I have Gild 7700. The Airtel GPRS Setting given is not working in this handset.Is their any problem with airtelgprs.com access point of Airtel?

Thanks & Regards
pbalakr3


----------



## krishnandu.sarkar (May 21, 2011)

Did you subscribed to GPRS??


----------



## pbalakr3 (May 21, 2011)

Yes. I have subscribed for it. I recharged for Rs.98 for monthly rental plan, but still it didn't work. I wrote to Customer Service. They sent me the following mail.

Menu
services
data account
select GPRS
Edit account 1
Account name -  MO
APN - airtelgprs.com
Username -<blank>
Password - <blank>
Auth Type - Normal

save & come back 2 times

WAP
settings
Edit Profile
SIM 1 / SIM 2
select account 1
activate account
edit account
Acc name - Mo
Home 
Page - Google
Data account - MO
Conn type - HTTP
 Use Proxy - NO
 Proxy add - 000.000.000.000
 Proxy Port - 0
 Click back for 2 times
user name -<blank>
Password - <blank>
click back 4 times

TO connect
services
wap
home page

--------------------------------------
But the thing is that after clicking Menu-Services, I don't find Data Account.
The DataAccount is there in Settings->Connectivity. In Connectivity, there is different types of GPRS like AirtelGPRS,AirtelMMS,etc..

I selected AirtelGPRS & renamed it to MO. Given the APN name as airtelgprs.com.Kept UserName & Password blank.
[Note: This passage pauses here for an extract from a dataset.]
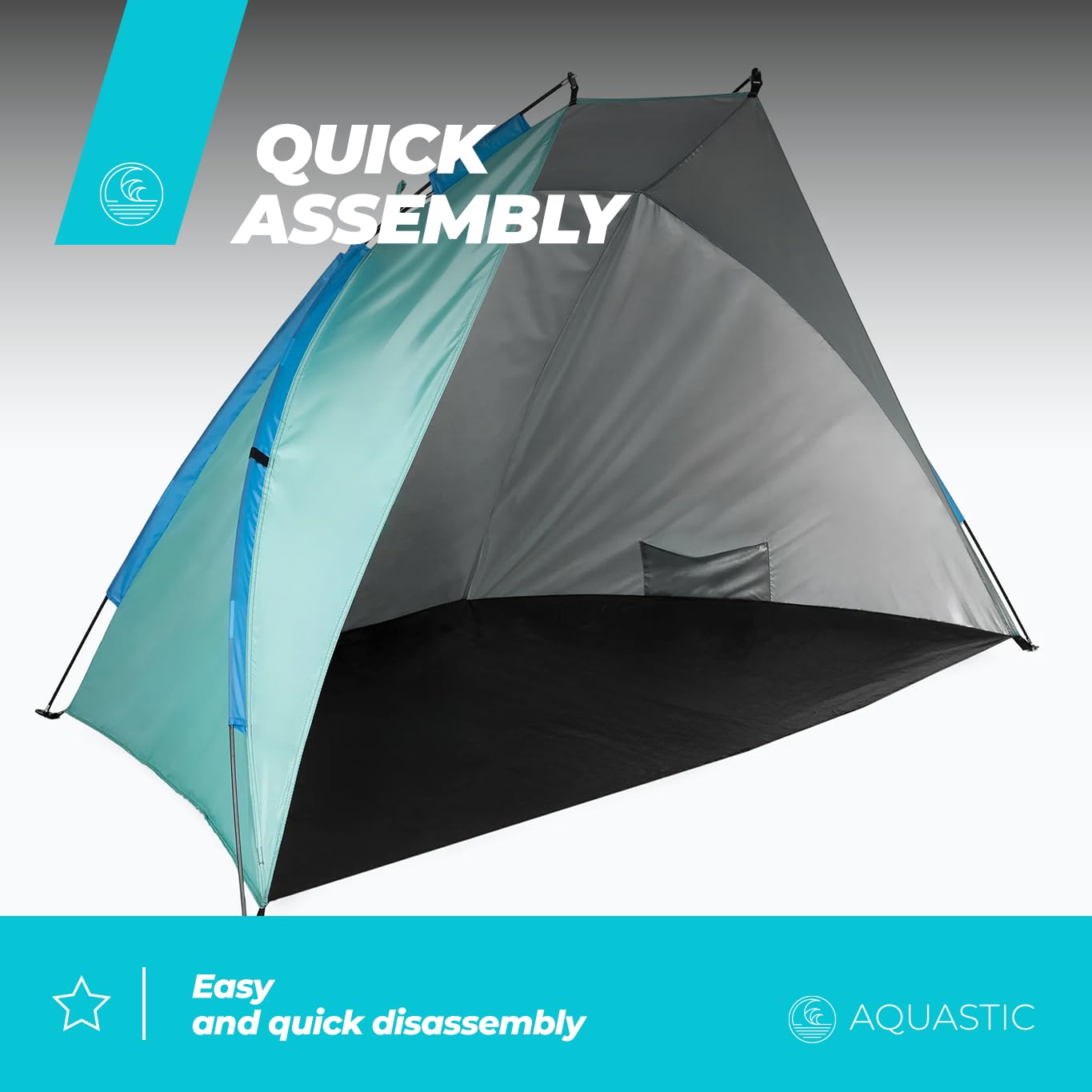 AQUASTIC Strandzelt Concielo Leichtes Kompaktes und Schützendes Zelt mit UPF 50 120x210x120 cm aus Strapazierfähigem Polyester und Glasfaser Ideal für den Strand Farbe Türkis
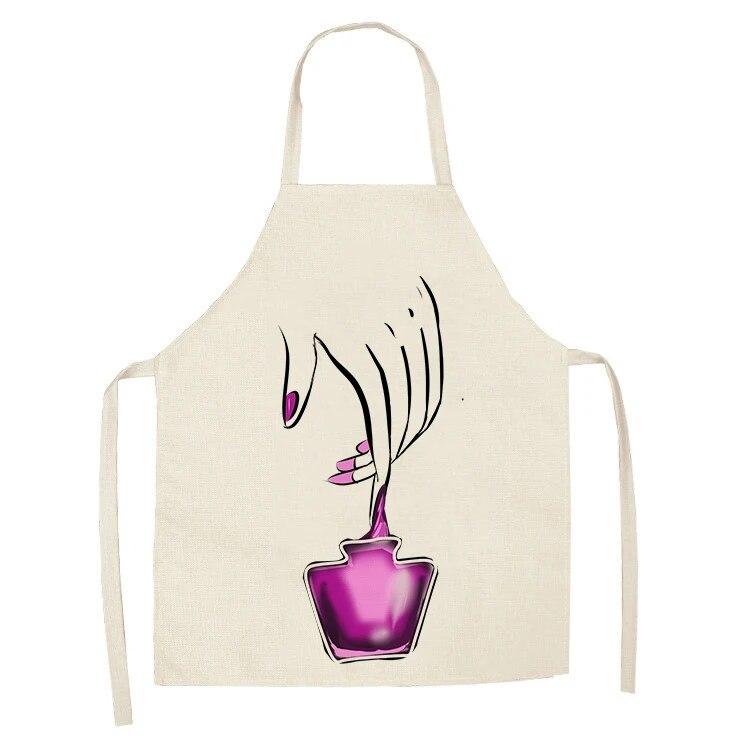 Sleeveless Linen Apron Men and Women Household Cleaning Tools Apron Nail Polish Ladies Perfume Printing Kitchen Apron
PRIMARYDNS & SECONDARYDNS kept as all zeros. Auth.type Normal.

Now went back to Services->IntenetServices->Settings->Profiles->SIM2->MO(ProfileName). Given the home page as Google.
DataAccount:MO
Connection Type:HTTP 
Given Use Proxy:No
Proxy Address: All zeros
Proxy Port:0
Kept UserName & Password as Blank.Now Activated 'MO'. Went back to Internet Service->home page. Gives "connection failed". I tried switching off the mobile phone & switched it back ON. Still gives "Connection failed".

Thanks
Pbalakr3

The dataaccount has to be selected from the list available.Also, the port has to be 8080. It is working now. I got the assistance from Airtel customer service.


----------